Die privaten Besitzer der Schlösser und Herrenhäuser in Mecklenburg-Vorpommern fordern dringend staatliche Hilfe. Viele der Häuser in privater Hand erfüllten zentrale soziale Funktionen in ihren Dörfern, so Robert Uhde, Sprecher des Vereins der Schlösser, Guts- und Herrenhäuser in MV, gestern bei einer Fachtagung, zu der die SPD-nahe Friedrich-Ebert-Stiftung auf Schloss Hohen Luckow geladen hat. Der Verein wünsche sich in den kommenden Jahren Hilfe vom Land Mecklenburg-Vorpommern in Höhe von rund 20 Millionen Euro.

Die Schwierigkeiten vieler privater Eigentümer hätten laut Vereinsvorsitzendem Manfred Achtenhagen damit zu tun, dass die meisten Häuser nach 1945 von den Erträgen aus der Landwirtschaft abgetrennt wurden. Nun sei es für die Erben äußerst schwierig, ihnen eine neue Perspektive zu geben. 1500 dieser Häuser gebe es landesweit, knapp ein Drittel verfalle, viele könnten von den Eigentümern nicht vernünftig erhalten werden.

Hoffnungen darauf, dass die öffentliche Hand deutlich stärker aktiv wird, bremste hingegen Stefan Wenzl, Abteilungsleiter im Finanzministerium unter anderem für Liegenschaften und Schlösser. Eine Rettung auch denkmalgeschützter Gebäude müsse privatwirtschaftlich darstellbar sein. „Fehleinschätzungen privater Investoren und persönliches Versagen bei der Kalkulation können nicht hinterher sozialisiert werden“, so Wenzl.

Friedrich von Waldthausen, Stiftungsrat der Stiftung Kulturerbe im ländlichen Raum, sieht es ähnlich.
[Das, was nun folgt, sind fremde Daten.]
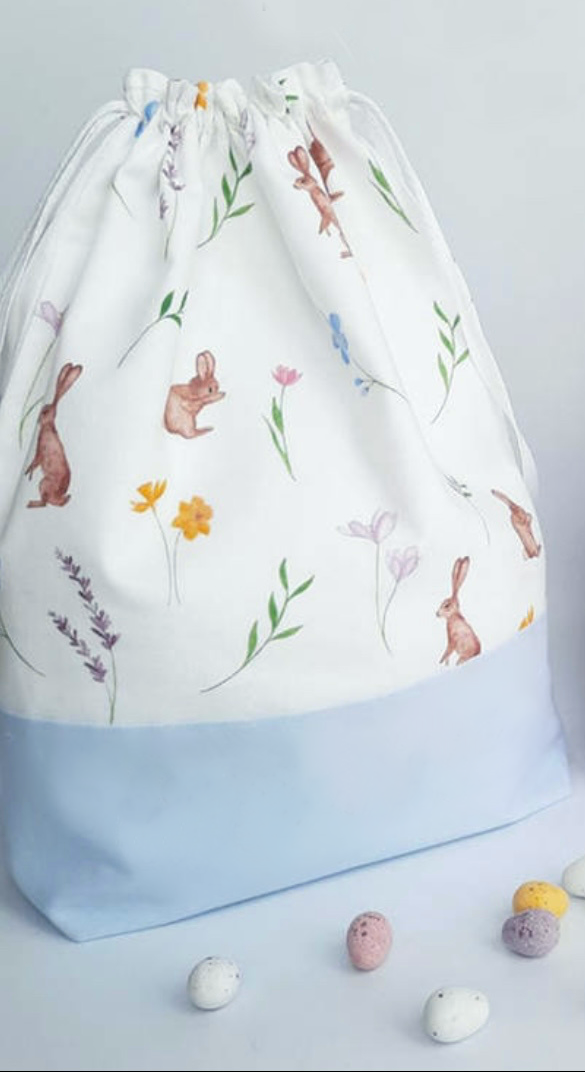 Blue drawstring Easter Bunny Bag with rabbits flowers leaves on white background and candy eggs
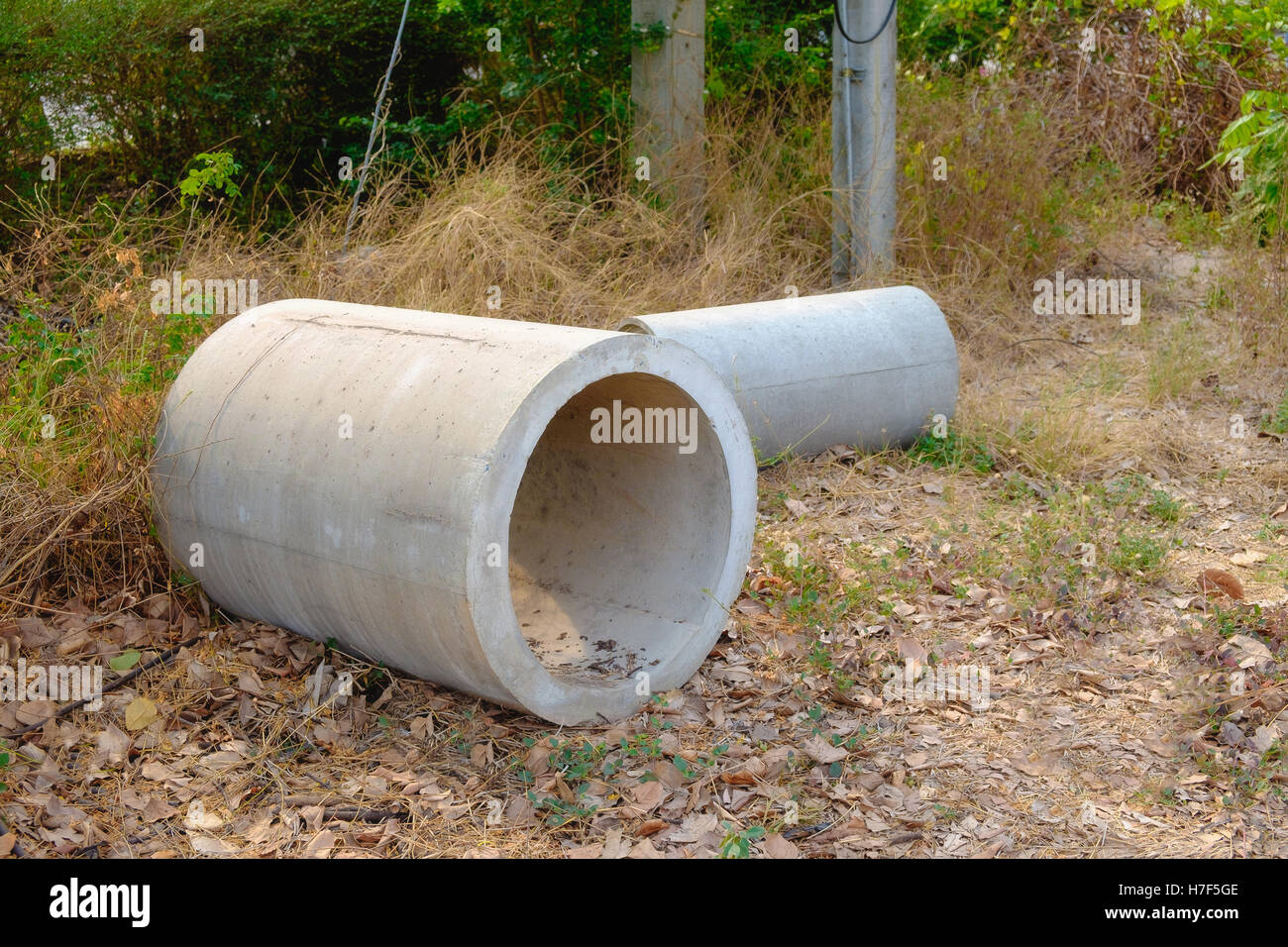 Concrete drainage pipes stacked for construction, irrigation, industry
Bei vielen Häusern seien die Investitionsbedarfe so hoch, dass auch ein rentabler touristischer Betrieb das Investment nicht zeitnah tragen könne. Grundlage müsse immer eine solide Basis privater Eigenmittel sein. Für Gebäude von großer baukultureller Bedeutung, die akut vom Verfall bedroht sind, könnte vielleicht bald ein Nothilfefonds einspringen. Über die konkrete Ausgestaltung dieses Fonds berät zurzeit der Landtag.

Gute Nachricht für einige Gutsherren: Für die internationale Vernetzung der Touristiker unter ihnen gibt es bald Geld von der EU. Das Programm „South Baltic Manner“ gibt 2,3 Millionen Euro unter anderem für Veranstaltungsreihen und Ausstellungsprojekte, mit denen die Schlösserlandschaft zwischen MV, Polen und Schweden als einheitlicher Kulturraum vermarktet werden soll. „Um touristisch wahrgenommen zu werden, brauchen wir die Kraft einer Marke“, so Manfred Achtenhagen. Gerd Lange, Referatsleiter Tourismus im Schweriner Wirtschaftsministerium, ergänzt, die Mittelzusage sei umso erfreulicher, weil es immer schwieriger werde, Tourismusprojekte in den europäischen Förderprogrammen zu etablieren.